| AVAILABLE RECORDS |
++++++++++++++++++++
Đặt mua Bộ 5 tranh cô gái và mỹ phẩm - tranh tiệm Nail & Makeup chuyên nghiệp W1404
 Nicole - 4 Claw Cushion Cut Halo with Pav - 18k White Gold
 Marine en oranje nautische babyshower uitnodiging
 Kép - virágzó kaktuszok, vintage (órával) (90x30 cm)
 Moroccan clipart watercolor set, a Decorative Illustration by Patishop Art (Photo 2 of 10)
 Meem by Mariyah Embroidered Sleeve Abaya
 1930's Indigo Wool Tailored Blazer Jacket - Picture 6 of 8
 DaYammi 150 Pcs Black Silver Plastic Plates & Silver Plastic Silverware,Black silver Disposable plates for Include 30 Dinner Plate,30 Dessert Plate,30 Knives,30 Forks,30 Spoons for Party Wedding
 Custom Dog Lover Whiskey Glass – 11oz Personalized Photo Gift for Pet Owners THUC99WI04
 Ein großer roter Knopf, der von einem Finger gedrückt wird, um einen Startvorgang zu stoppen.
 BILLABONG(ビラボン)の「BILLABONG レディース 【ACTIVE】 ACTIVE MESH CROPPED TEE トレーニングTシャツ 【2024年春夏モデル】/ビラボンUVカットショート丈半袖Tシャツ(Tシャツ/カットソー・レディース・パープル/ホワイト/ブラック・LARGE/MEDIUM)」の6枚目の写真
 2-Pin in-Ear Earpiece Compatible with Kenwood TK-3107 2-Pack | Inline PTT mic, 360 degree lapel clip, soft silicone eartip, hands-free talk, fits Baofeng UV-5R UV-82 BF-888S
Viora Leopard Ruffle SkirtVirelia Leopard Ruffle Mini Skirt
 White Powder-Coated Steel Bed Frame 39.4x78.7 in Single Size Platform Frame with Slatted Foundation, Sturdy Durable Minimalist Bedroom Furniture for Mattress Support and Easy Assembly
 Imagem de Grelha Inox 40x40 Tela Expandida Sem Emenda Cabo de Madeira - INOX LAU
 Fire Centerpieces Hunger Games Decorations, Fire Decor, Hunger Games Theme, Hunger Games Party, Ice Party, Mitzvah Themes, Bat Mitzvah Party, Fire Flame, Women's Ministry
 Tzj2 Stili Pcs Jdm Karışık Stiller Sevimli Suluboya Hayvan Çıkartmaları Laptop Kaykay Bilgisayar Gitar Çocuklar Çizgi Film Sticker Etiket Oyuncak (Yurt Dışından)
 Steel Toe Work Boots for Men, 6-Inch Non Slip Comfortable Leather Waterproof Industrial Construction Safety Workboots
++++++++++++++++++++
| TASK DETAILS |
How many of the lines in the material hold the word "Photo"? Give that number alone.

| SOLUTION FOR THIS TASK |
2